Olive Oil vs Vegetable Oil : Which Is Healthier
Olive Oil vs Vegetable Oil
Olive oil vs vegetable oil may seem like an unimportant question, but the answer can have far-reaching health implications for you and your family.
Whether you’re using olive oil to cook food, dressing your salad with it, or using it in other ways in your kitchen, it’s important to understand how the benefits of extra virgin olive oil compare to the benefits of vegetable oil.
This article will shed light on these oils, their differences, and why you should always choose extra virgin olive oil over its less expensive vegetable-based counterpart.
A Bigger Picture
When it comes to health, it’s always important to consider what’s in a food, rather than simply its source. For example, olive oil and canola oil are both considered heart-healthy because they contain monounsaturated fat.
But that doesn’t necessarily mean one of them is better for you than another – an apple also contains monounsaturated fat, but we wouldn’t call that an equivalent health benefit.
What really matters when determining whether a food has a positive or negative effect on your health is whether or not you have other habits that undermine its potential benefits.
In other words, if you eat lots of junk food along with a healthy item, like olive oil or apples, then it won’t matter as much.
So while we often think about foods in isolation (i.e., is broccoli good for me?), more often than not our health depends on our entire diet and lifestyle (i.e., what do I eat every day?).

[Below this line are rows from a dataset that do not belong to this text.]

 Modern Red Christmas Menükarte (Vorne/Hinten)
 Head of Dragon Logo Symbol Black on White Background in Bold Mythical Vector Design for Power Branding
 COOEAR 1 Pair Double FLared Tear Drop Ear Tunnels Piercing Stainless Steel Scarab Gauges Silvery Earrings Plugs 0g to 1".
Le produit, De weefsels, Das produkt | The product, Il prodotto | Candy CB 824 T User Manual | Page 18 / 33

This isn’t meant to be discouraging; instead, it’s just reality: there’s no such thing as superfood that will give us all sorts of benefits without any downsides.
The same goes for oils: extra virgin olive oil is definitely healthier than vegetable oil – but only if you don’t use too much of either one!

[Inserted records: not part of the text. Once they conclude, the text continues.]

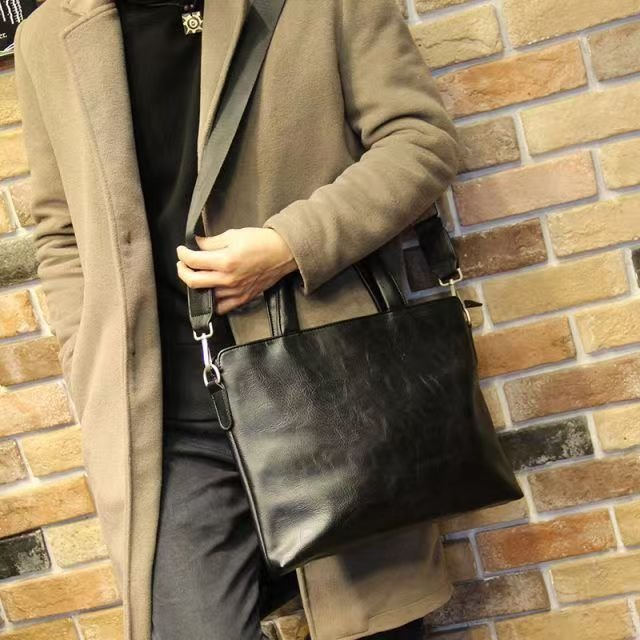 Handbag male briefcase Casual business single shoulder crossbody bag fashion brand new horizontal leather men's office bag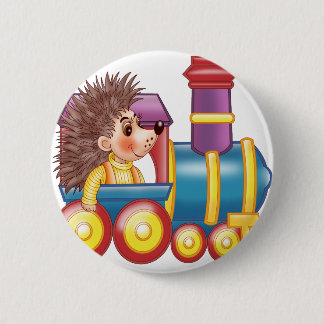 Lokomotive und Igel Button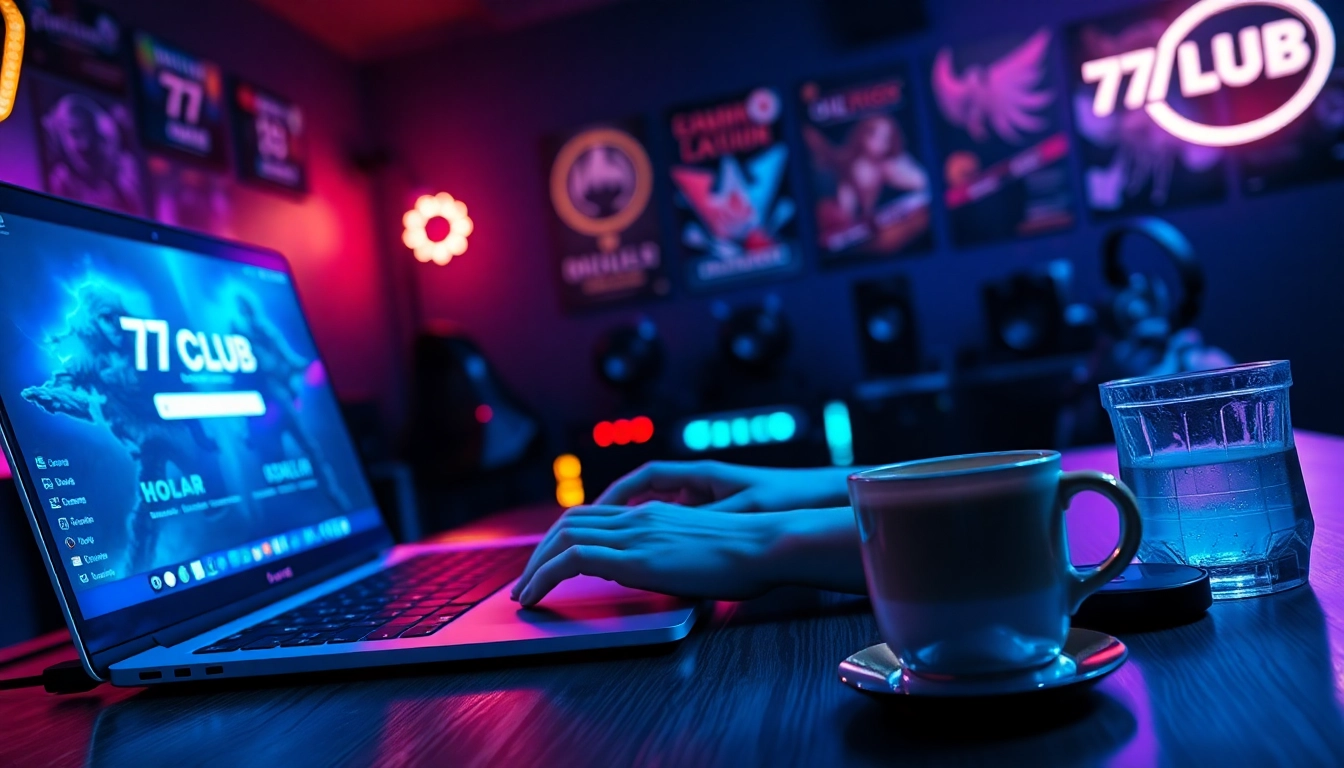 Engage with the 77 club login interface on a sleek laptop in a vibrant gaming environment.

The Verdict on Extra Virgin Olive Oil
While both oils are good for your health, extra virgin olive oil has much more going for it. For one thing, it’s been found to help prevent heart disease and cancer by helping regulate blood cholesterol levels and preventing blood platelets from sticking together.
Further, consuming an average amount (about 2 tbsps per day) has been linked to lower risk of stroke than lower or higher amounts.

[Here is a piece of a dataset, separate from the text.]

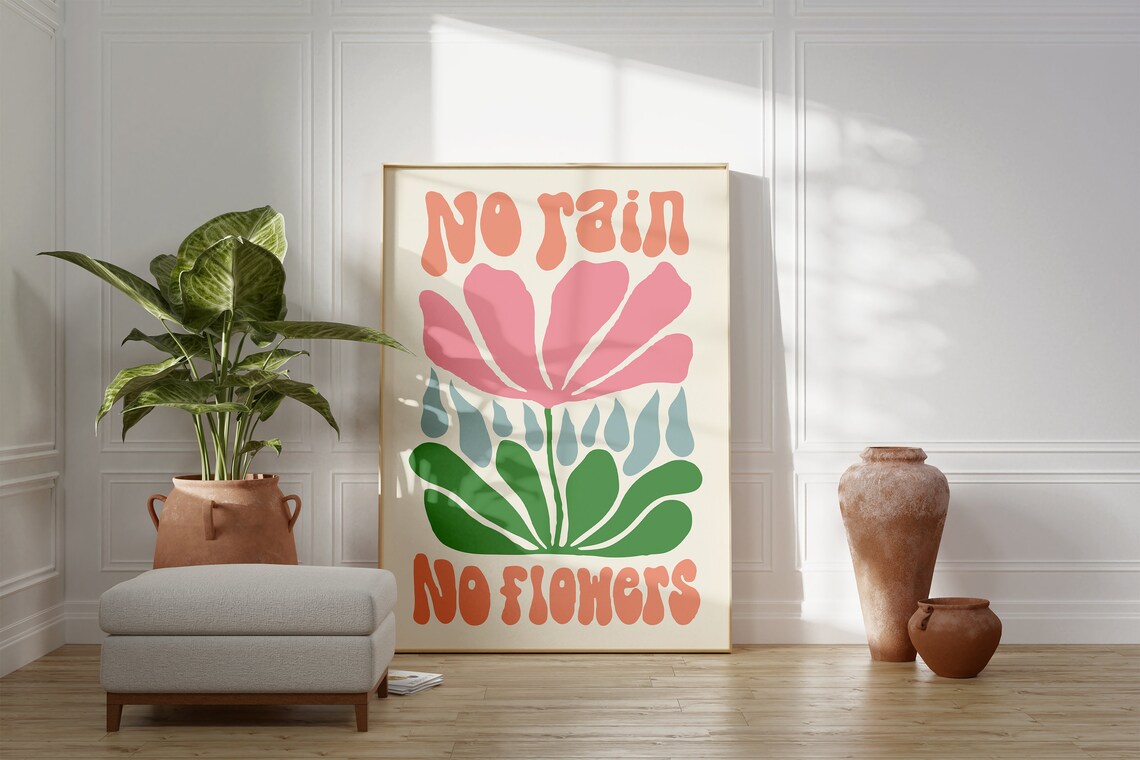No Rain No Flowers Retro Quote Pink Floral Motivational Poster - Image 4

And lastly—and perhaps most importantly—studies show that those who consume extra virgin olive oil with a high degree of phenols actually weigh less than their counterparts who eat vegetable oils! What gives? Well, one theory is that phenols act as antioxidants and therefore protect against weight gain.
Bottom line: If you have to choose between these two oils, go with extra virgin olive oil. It’s definitely better for you!
The Verdict on Canola Oil
We won’t even get into whether or not canola oil is actually good for you—since it’s been shown to cause weight gain, heart problems, and promote high cholesterol—but we will say that it’s never a good idea to cook with a low-grade oil.
Stick with extra virgin olive oil (EVOO) and save yourself some calories, too. Try using just a tablespoon or two at a time when cooking instead of dumping an entire bottle over dinner.
You could also try roasting vegetables instead of sautéing them; they become crisp-tender with slightly less oil content than if you sautéed them.
The Verdict on Sunflower Seed Oil
Although people often think olive oil and sunflower seed oil are pretty similar, there are actually quite a few differences between them.
For example, let’s start with cost: Sunflower seed oil costs roughly half as much as extra virgin olive oil. The reason for that can be explained by looking at where both oils come from:
While olive trees are native to Mediterranean climates, and therefore require significantly more labor to produce higher quality oils, sunflowers thrive all over the world.
However, even though sunflower seeds take less effort to grow than olives do—and thus cost less money—they still aren’t cheap enough for most Americans to buy every day.
The Verdict on Safflower Seed Oil
While safflower oil contains a wide variety of beneficial vitamins and minerals, including vitamin E, copper, zinc, magnesium and iron.
It also contains a high level of monounsaturated fat (73.7%), with minimal amounts of polyunsaturated fats (16.5%) and saturated fats (9.3%).
While monounsaturated fats are great for cardiovascular health, they can cause your body to retain excess water weight if you’re not careful.
As such, we recommend using safflower seed oil as a light salad dressing or low-heat cooking alternative – but don’t use it alone as your primary source of fat!
If you’re looking for more diverse cooking options than what you get from olive oil, try an alternative like coconut oil instead.